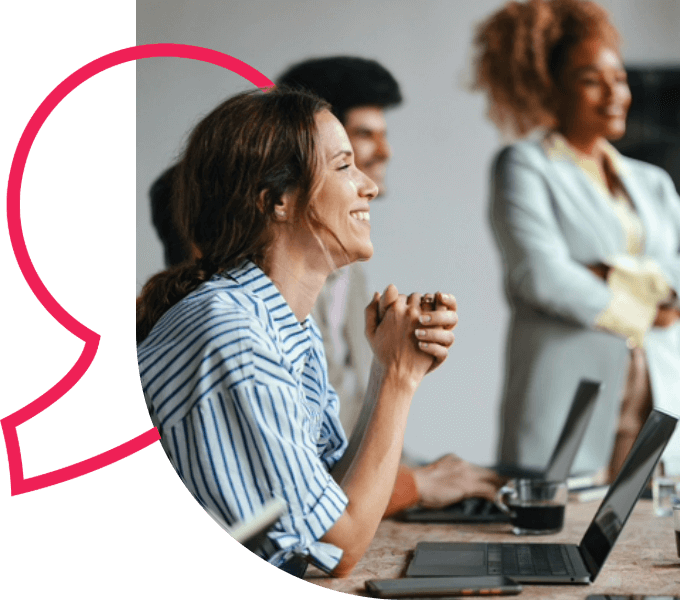 Catalogue de formation professionnelle : nos offres pour les entreprises à Nice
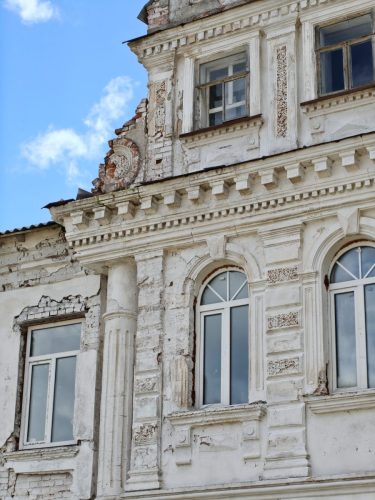 IMG20260803112607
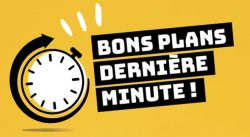 banner-bon-plan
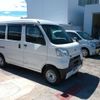 daihatsu hijet-van 2019 -DAIHATSU--Hijet Van EBD-S331V--S331V-0229118---DAIHATSU--Hijet Van EBD-S331V--S331V-0229118- image 30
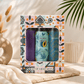 Set of 3 Body Mist For Women - 150 ml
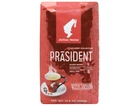 Julius Meinl President кофе в зернах 500 г (13261046)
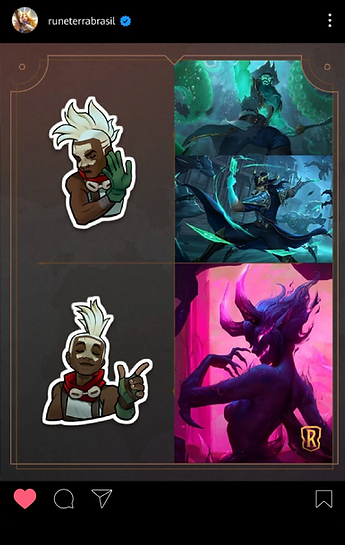 Captura de Tela 2026-03-11 às 17.36.27.png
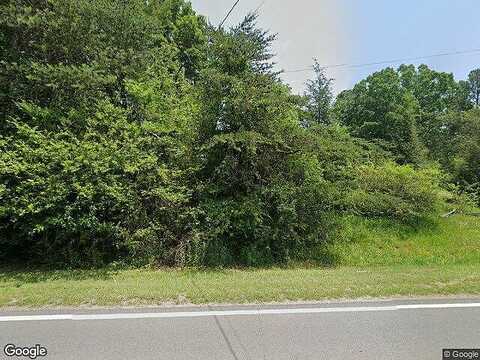 Highway 157, RISING FAWN, GA 30738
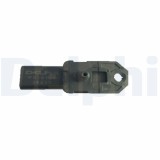 DELPHI PS10120 Senzor, presiune galerie admisie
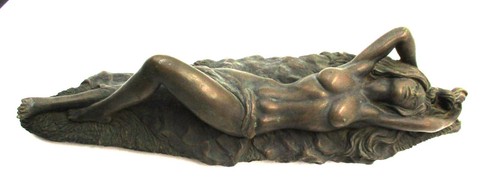 John letts lynn reclined - john,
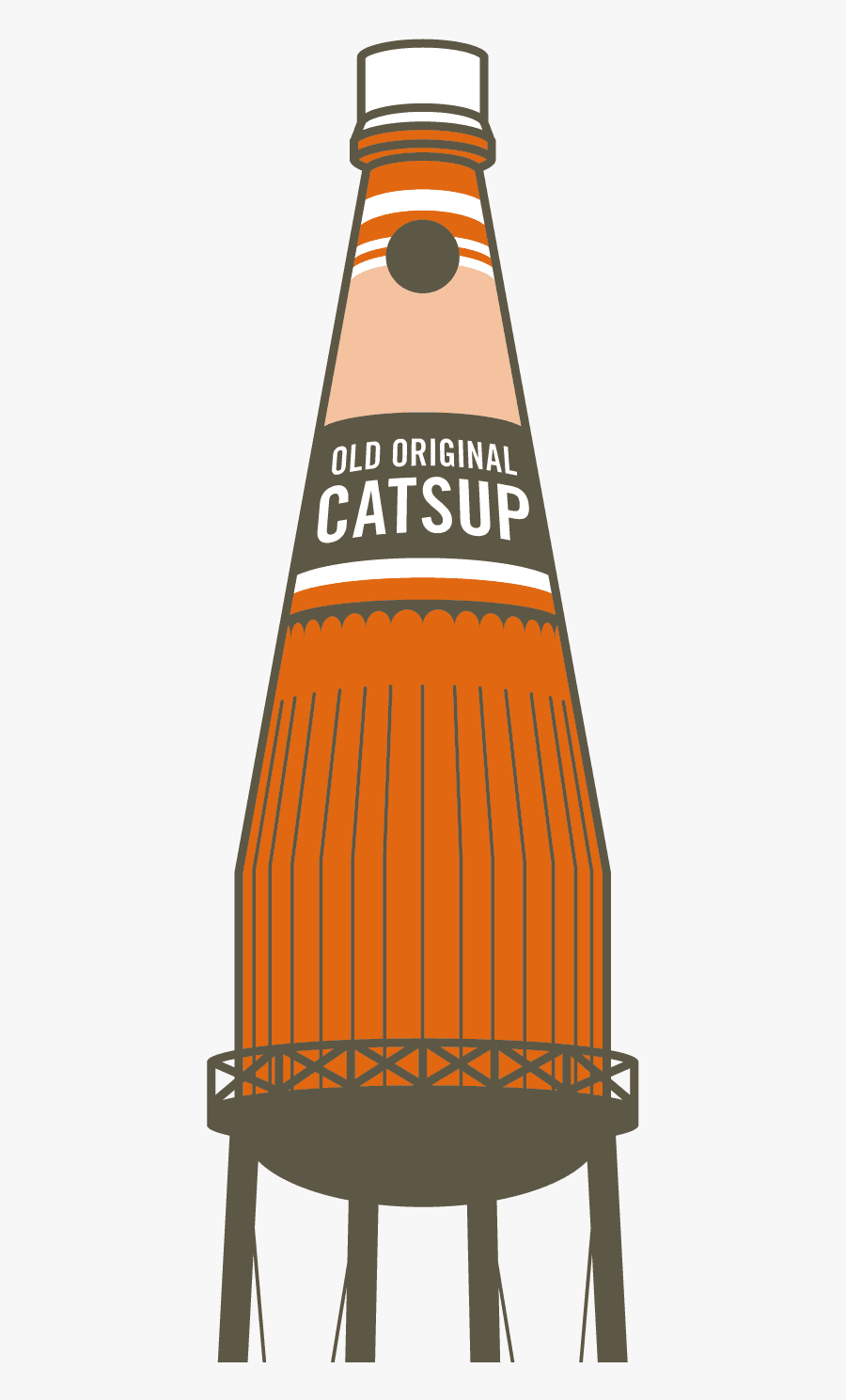 Beer Bottle, Transparent Clipart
━━━━━━━━
▶ [TRY IT]
In the data above, the line containing "Highway 157, RISING FAWN, GA 30738" and all lines after it are to be reproduced exactly, leaving out the pictures.

▶ [OUTPUT BELOW]
 Highway 157, RISING FAWN, GA 30738
 DELPHI PS10120 Senzor, presiune galerie admisie
 John letts lynn reclined - john,
 Beer Bottle, Transparent Clipart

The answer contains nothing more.